Foto/Vatican Media


El Vaticano ha abrazado el poder de las redes sociales al reunir a cientos de jóvenes católicos influencers en una inédita cumbre digital, celebrada como parte del «Jubileo de la Juventud». En una misa especial en la Basílica de San Pedro, el papa León XIV llamó a estos «misioneros digitales» a usar las plataformas no solo para generar contenido, sino para propiciar «encuentros entre corazones», en medio de una sociedad cada vez más hiperconectada.
Entre los asistentes destacó la hermana Albertine Debacker, una monja de 29 años con más de 320 mil seguidores en Instagram, cuyos videos superan el millón de vistas. Para ella, las redes son el nuevo «terreno misionero», ideal para llegar a quienes ya no se acercan a los templos.
Durante el encuentro, el pontífice advirtió sobre los riesgos de un mundo “bombardeado por imágenes falsas o distorsionadas” y llamó a buscar equilibrio digital. El cardenal filipino Luis Antonio Tagle, activo en redes, reafirmó: “No son solo influencers, son misioneros”.

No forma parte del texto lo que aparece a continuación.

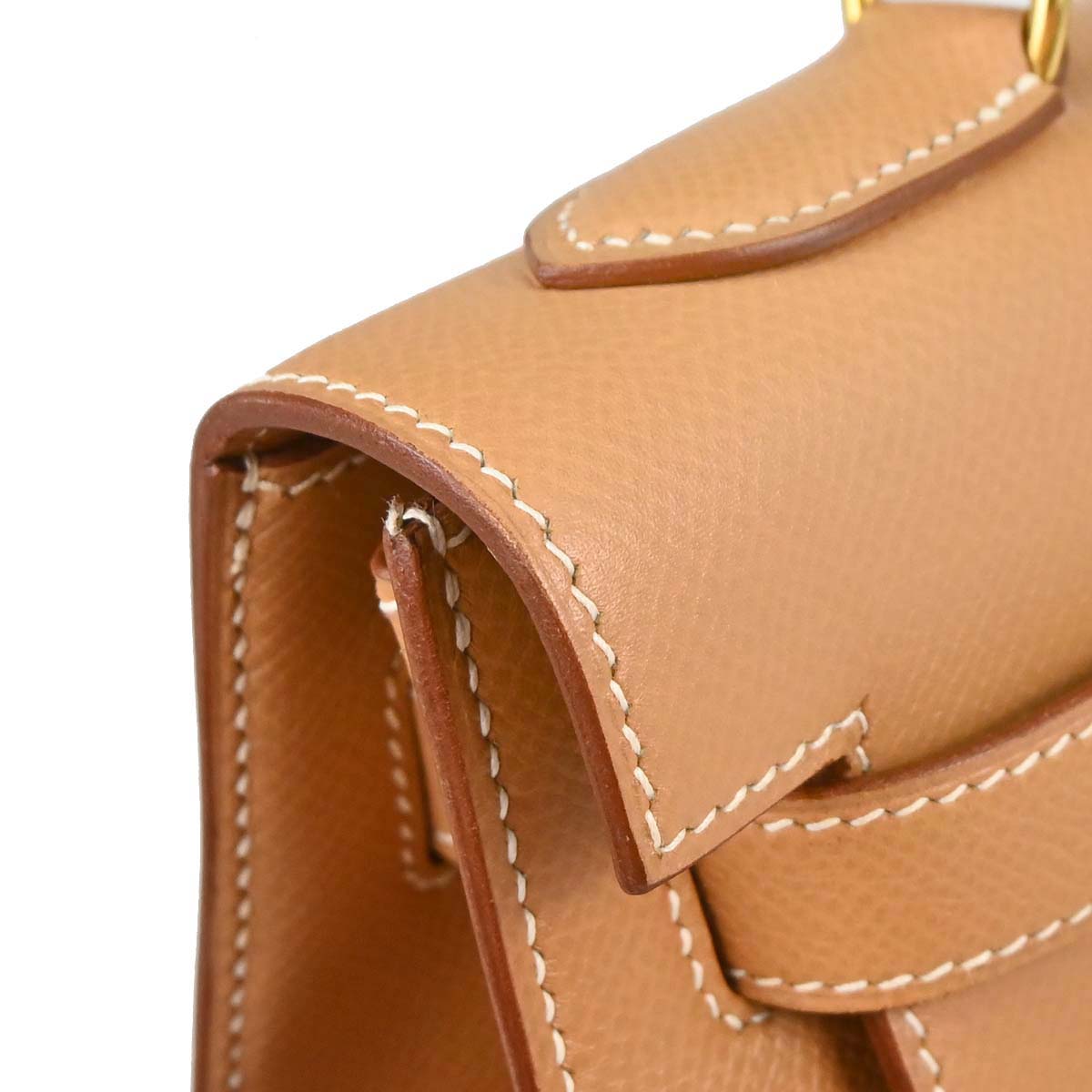 Hermes Natural Courchevel Kelly 32 Sellier 2way Shoulder Handbag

El evento marca un giro en la estrategia de la Iglesia Católica, que por años se mostró cautelosa ante el impacto de las redes sociales. Ahora, con una generación que vive conectada, el Vaticano reconoce la necesidad de adaptarse para mantener viva la fe. «El gran influencer es Dios», resumió la hermana Albertine.
No todos los religiosos encajan con la imagen tradicional. El padre Giuseppe Fusari, por ejemplo, rompe moldes con camisas ajustadas y brazos tatuados, pero su mensaje también busca conectar con una audiencia joven y digital.
La cumbre, cargada de simbolismo al celebrarse en el corazón del cristianismo, fue transmitida en vivo por decenas de smartphones. Un gesto claro de que la Iglesia está dispuesta a evangelizar también en el lenguaje de TikTok, Instagram y YouTube.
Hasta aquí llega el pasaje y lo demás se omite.